What you need to do – Repeat, exactly as written, the lines of the records below from the first through the line with "Overhead view of", but none past it.

** Opening Data excerpts block **

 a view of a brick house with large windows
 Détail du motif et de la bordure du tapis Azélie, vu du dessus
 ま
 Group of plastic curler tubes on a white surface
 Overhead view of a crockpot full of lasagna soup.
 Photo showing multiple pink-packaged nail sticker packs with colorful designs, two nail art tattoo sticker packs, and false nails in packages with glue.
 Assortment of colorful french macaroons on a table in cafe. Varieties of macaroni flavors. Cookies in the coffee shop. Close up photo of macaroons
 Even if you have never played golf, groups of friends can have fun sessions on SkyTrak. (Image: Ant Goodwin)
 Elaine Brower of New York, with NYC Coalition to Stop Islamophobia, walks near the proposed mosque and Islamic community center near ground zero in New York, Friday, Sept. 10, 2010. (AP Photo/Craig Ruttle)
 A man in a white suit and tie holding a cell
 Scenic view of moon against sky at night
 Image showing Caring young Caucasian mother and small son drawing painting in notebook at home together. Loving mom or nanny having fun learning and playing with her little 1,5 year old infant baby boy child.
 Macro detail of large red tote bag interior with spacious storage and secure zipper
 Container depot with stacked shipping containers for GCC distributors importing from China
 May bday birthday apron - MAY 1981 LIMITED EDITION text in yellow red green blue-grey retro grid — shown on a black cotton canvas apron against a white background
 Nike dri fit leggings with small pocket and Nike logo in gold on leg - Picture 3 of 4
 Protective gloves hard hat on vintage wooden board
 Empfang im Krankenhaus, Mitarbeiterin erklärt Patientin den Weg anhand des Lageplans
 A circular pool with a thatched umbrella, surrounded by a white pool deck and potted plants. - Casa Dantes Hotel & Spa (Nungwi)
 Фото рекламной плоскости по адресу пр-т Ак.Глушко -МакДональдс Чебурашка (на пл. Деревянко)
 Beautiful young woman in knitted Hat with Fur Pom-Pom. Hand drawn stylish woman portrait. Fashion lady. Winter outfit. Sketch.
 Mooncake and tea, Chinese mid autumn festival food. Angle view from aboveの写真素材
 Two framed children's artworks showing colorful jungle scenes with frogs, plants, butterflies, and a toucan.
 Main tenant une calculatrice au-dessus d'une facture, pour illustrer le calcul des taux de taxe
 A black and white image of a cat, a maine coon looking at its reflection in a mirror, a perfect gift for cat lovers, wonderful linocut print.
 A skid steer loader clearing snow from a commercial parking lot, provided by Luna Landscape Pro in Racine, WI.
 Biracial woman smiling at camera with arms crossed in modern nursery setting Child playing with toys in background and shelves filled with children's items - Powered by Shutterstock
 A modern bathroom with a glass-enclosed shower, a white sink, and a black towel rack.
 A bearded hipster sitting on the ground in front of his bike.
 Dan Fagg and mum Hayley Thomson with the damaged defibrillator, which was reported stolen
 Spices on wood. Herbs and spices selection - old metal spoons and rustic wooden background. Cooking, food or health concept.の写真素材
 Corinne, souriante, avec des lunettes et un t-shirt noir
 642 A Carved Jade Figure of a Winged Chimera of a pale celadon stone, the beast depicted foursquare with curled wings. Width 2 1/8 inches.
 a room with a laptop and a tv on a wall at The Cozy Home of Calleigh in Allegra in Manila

** Closing Data excerpts block **

Solution to this task –
 a view of a brick house with large windows
 Détail du motif et de la bordure du tapis Azélie, vu du dessus
 ま
 Group of plastic curler tubes on a white surface
 Overhead view of a crockpot full of lasagna soup.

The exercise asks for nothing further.